DETROIT - Rising sales and higher prices helped push Chrysler Group LLC back into the black in the latest quarter, another sign that the once-troubled company is turning around under its new Italian management.
Auburn Hills, Mich.-based Chrysler reported Thursday that its net income was $212 million for the July-September period, its second quarterly profit this year and only the second since 2006. Vehicle sales worldwide rose 24 per cent, and revenue rose 19 per cent to $13.1 billion.
In last year's third quarter, the privately held company lost $84 million, but Chrysler, now run by Italy's Fiat SpA, said its fortunes have improved because of increased demand for its new or revamped Chrysler, Dodge, Jeep and Ram cars and trucks.
"This house continues to be fully focused on financial performance and making outstanding cars and trucks by fully leveraging its alliance with Fiat," Sergio Marchionne, CEO of both companies, said in a statement.
For the first three quarters of the year, Chrysler has lost $42 million. But that's mainly due to a $551 million accounting charge for refinancing its government debt in the second quarter. Excluding the debt charge, the company earned $509 million during the first nine months.
Chrysler increased its earnings forecast for the full year to a profit of $600 million, excluding the accounting charge. Previously it had forecast $200 million to $500 million. It also predicted revenue of $55 billion.
The company hasn't made an annual profit since 2005, but it's getting closer to profitability with a mix of strong new products. Under Marchionne, the company has changed factory procedures and is doing more rigorous quality testing, raising the reliability of its vehicles.
Chrysler's Jeep was the top brand from a U.S. automaker in Consumer Reports' latest reliability rankings, which were released Tuesday. Chrysler was also the most improved brand, moving up to 15th place from 27th. The Jeep Grand Cherokee SUV, Chrysler 200 midsize car and Dodge Durango SUV have been among the company's recent successes.
The company also saw its average U.S. sale price rise 4.5 per cent for the quarter to $30,387, according to the Edmunds.com automotive website. Chrysler's share of the U.S. market increased to 11.6 per cent last quarter, from 9.7 per cent a year ago.
Chrysler also got good news on the labour front this week. On Wednesday, the United Auto Workers announced that 55 per cent of the Chrysler workers voting on a new contract approved the deal. The four-year pact, which covers 23,000 U.S. factory workers, will hold down the company's costs by giving workers profit-sharing and other bonuses instead of annual raises.

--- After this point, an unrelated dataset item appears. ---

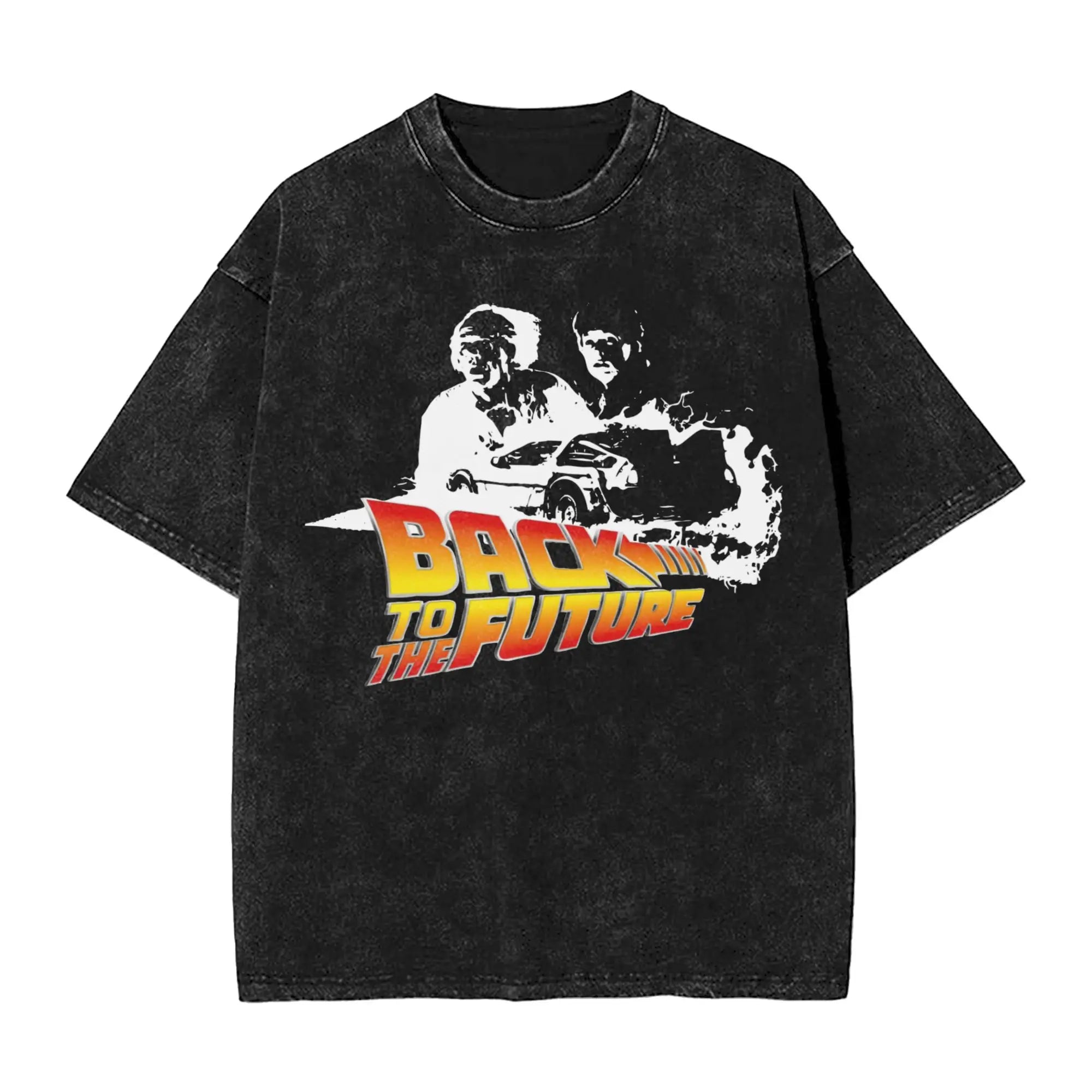 Faded Black Vintage "Back to the Future" Graphic T Shirt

During the quarter, Chrysler also helped its bottom line by cutting interest costs through refinancing of $7.5 billion in high-interest loans from the U.S. and Canadian governments. The company said it paid $282 million in interest last quarter, down $34 million from a year earlier.
Chrysler said it finished the quarter with $12.3 billion in debt and $9.5 billion in cash. The cash balance dropped by $699 million during the quarter due to seasonal capital needs and increased capital spending, the company said.
Fiat controls Chrysler with a 53.3 per cent stake in the company. Under a 2009 deal with the U.S. government, Fiat got a 20 per cent stake in Chrysler after it exited bankruptcy protection. Fiat gradually raised its stake and gained a majority share in July, when it paid the U.S. Treasury for its remaining shares.
Fiat expects to raise its stake in Chrysler to 58.3 per cent by the end of the year, when it introduces a 40 mpg car for the U.S. market. The high mileage car was also part of its deal with the government. A union trust fund that pays retiree health care costs owns the rest of the shares.
The Italian automaker also released third-quarter earnings on Thursday, posting a 67 per cent profit increase to 112 million euros ($157 million) thanks to demand for Chrysler cars and trucks in North America.
Chrysler may return to the public stock exchanges sometime next year, with the trust fund raising cash by selling at least part of its stake.